Of the five ship officers, four are members of the NOAA Corps: the Executive Officer (second in command of the ship) LCDR Eric Johnson, Operations Officer LTJG Matthew Griffin, Navigation Officer Brian Adornato and Junior Officer Rachel Pryor. The Commanding Officer, Master Dave Nelson, is a civilian captain who has spent his life on the water and has worked his way up from a deck hand. All of the ship’s officers are friendly, knowledgeable and professional. I’m in great hands with them in charge.

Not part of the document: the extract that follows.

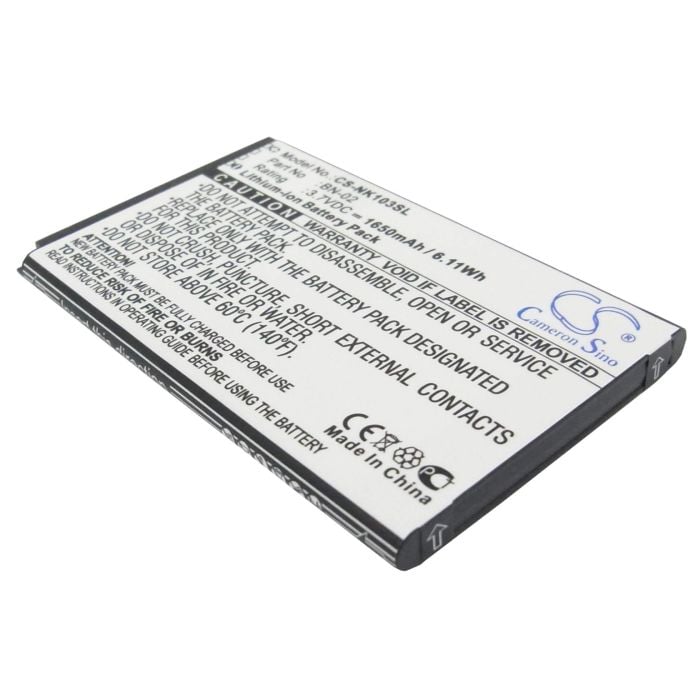 Nokia Nokia XL, RM-1030, RM-1042 akku 1650mAh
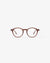 #D Reading Glasses - Mahogany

The deck crew who worked the day shift with me consisted of the Chief Boatswain Tim Martin and the Skilled Fishermen Chuck Godwin and Mike Conway. They work well together and they were very helpful to me while I was learning the deck routines. The Chief Boatswain (pronounce bō´ sun) supervises members of the deck crew and oversees all deck operations, including safety, training and maintenance.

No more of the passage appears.